Thinking about doing an Amtrak trip to West Glacier. Any suggestions on hotel/motels there?


----------



## Acela150 (Aug 13, 2010)

Izzak Walton Inn! You get off at Essex and there is a shuttle that will take you to the Inn. Great staff! Great little restaurant there! Even a nice little gift shop! They have Jammer tours that take you throughout the park that last all day with a lunch stop included. They have a nice front porch with a swing. Nice little helper base there. There's a decent size front yard. So if you wanna take pictures or videos plenty of space! The EB is a big deal in the morning and evening. It's a great place to stay! No cell phone reception just a pay phone. No TV's or Phone's in rooms. Nice rooms though! If I can I'll stay there again! There is nothing around the area though. There's a nice area of ski trails around and a cabeese or cabooses yard across a bridge where the staff live. But it's neat to check out. That's my opinion!

Good Luck!

Steve


----------



## Rail Freak (Aug 13, 2010)

Acela150 said:


> Izzak Walton Inn! You get off at Essex and there is a shuttle that will take you to the Inn. Great staff! Great little restaurant there! Even a nice little gift shop! They have Jammer tours that take you throughout the park that last all day with a lunch stop included. They have a nice front porch with a swing. Nice little helper base there.

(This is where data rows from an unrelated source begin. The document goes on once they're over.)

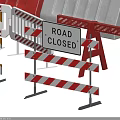 Red And White Striped Road Barrier With Road Closed Sign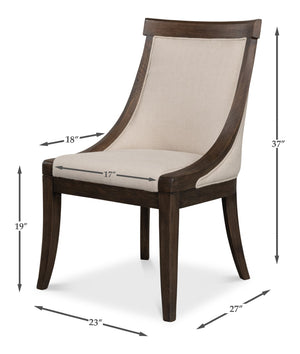 Sarreid Lucas Side Chair - Luxurious 100% Linen Upholstery With Durable Ash Frame For Ultimate Comfort Beige  53847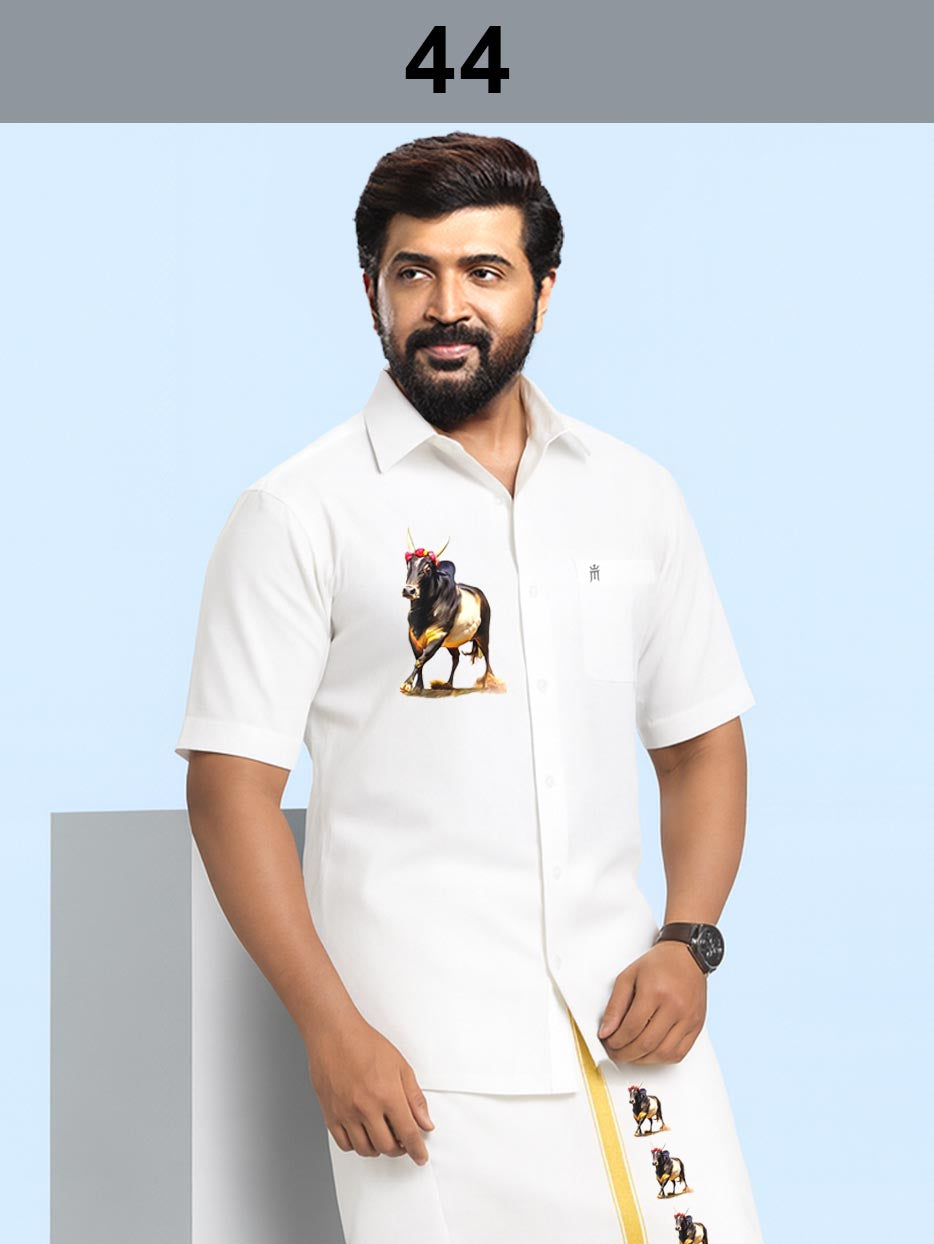 44 JALLIKATTU WHITE SINGLE SET H/S
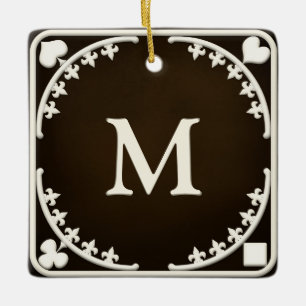 Ornamento De Cerâmica Presente Personalizado Monograma de Filigrana Góti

There's a decent size front yard. So if you wanna take pictures or videos plenty of space! The EB is a big deal in the morning and evening. It's a great place to stay! No cell phone reception just a pay phone. No TV's or Phone's in rooms. Nice rooms though! If I can I'll stay there again! There is nothing around the area though. There's a nice area of ski trails around and a cabeese or cabooses yard across a bridge where the staff live. But it's neat to check out. That's my opinion!
> 
> Good Luck!
> 
> Steve



which would you choose a) Issak Walton Inn b) Whitefish c) East Glacier Lodge


----------



## darien-l (Aug 17, 2010)

Rail Freak said:


> which would you choose a) Issak Walton Inn b) Whitefish c) East Glacier Lodge


I'm going to make a suggestion that isn't on the list -- Lake McDonald Lodge. It's very easy to get to: just let them know you'll need an Amtrak shuttle when you reserve your hotel, and they will pick you up at the West Glacier train station. One of the big benefits of staying at Lake McDonald Lodge is that it's right on the free NPS shuttle route, making it a breeze to get to most places in the park. If you plan to stay for a few days, I highly recommend this option: you'll stay right in the park and will get to explore it at your own leisure.


----------